Mark 11:23 For verily I say unto you, That whosoever shall say unto this mountain, Be thou removed, and be thou cast into the sea; and shall not doubt in his heart, but shall believe that those things which he saith shall come to pass; he shall have whatsoever he saith.
Notice a word that is frequently overlooked. Jesus does not say simply, "say unto a mountain," but "say unto this mountain." What mountain is he speaking of? There is the possibility that it is any mountain between Bethany and Jerusalem, but in the context of both accounts, the very next thing that Jesus does is to enter into Jerusalem and specifically the temple (Matthew 21:23; Mark 11:27).

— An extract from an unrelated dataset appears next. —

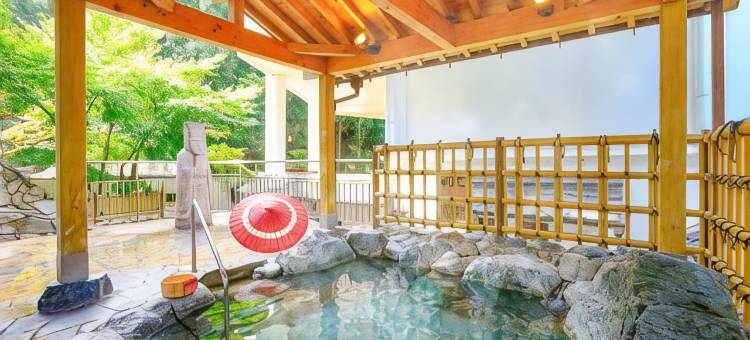 大江户温泉物语酒店 Reoma 森林(Ooedo Onsen Monogatari Hotel Reoma No Mori)图片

Thus, it is reasonable to view Jesus' remarks as being directed toward the mountain to which they were approaching, namely Jerusalem, and especially the temple mountain. With this in mind, what Jesus is speaking of is of the destruction of Jerusalem. The destruction of Jerusalem, and especially the temple mount was complete. As prophesied in Matthew 24:2, even so it was carried out:
And Jesus went out, and departed from the temple: and his disciples came to him for to shew him the buildings of the temple. And Jesus said unto them, See ye not all these things? verily I say unto you, There shall not be left here one stone upon another, that shall not be thrown down.
And as he went out of the temple, one of his disciples saith unto him, Master, see what manner of stones and what buildings are here! And Jesus answering said unto him, Seest thou these great buildings? there shall not be left one stone upon another, that shall not be thrown down.
That Jesus is speaking of the judgment of Jerusalem in our present passages is also demonstrated from the picture of the fig tree. The fig tree represents, it appears from the context, the hypocritical Jewish leadership. They had a zeal for the law, at least outwardly, and consequently from a distance resembled a fig tree full of leaves. However, upon examination, they are not found to have fruits, and consequently they were judged.
In the case of the fig tree, the the fig tree withered, but in the case of Jerusalem, the whole mountain was destroyed, cast into the sea as it were, by the Romans. Indeed, the Jewish historian Josephus tells us that following the destruction of Jerusalem, "[General Titus] then went down with his army to that Cesarea which lay by the sea-side, and there laid up the rest of his spoils in great quantities, and gave order that the captives should he kept there; for the winter season hindered him then from sailing into Italy." (Josephus, Wars of the Jews, Book VI)
This passage should remind us of the fearful judgment of God on hypocrites. Let us careful examine ourselves lest we be found to be fruitless fig trees ripe for judgment. Do not delay, for while we do not know when the Lord will return, we do know that none of us will live for ever. We will all then appear before the Lord our maker, to be judged. If you, dear reader, are trusting in the rock of mount Jerusalem, or of the seven hills of Rome, or of the Swiss alps, rather than trusting in the Rock alone of which it is written:
Psalm 18:2 The LORD is my rock, and my fortress, and my deliverer; my God, my strength, in whom I will trust; my buckler, and the horn of my salvation, and my high tower.
Then this day turn in repentance from your sin, place your trust in Christ alone, and humbly beg him that he would bring spiritual fruit into your life through the operation of His Most Holy Spirit, who together with the Father and the Son is God Almighty, to whom be glory and praise both now and until the ages of ages.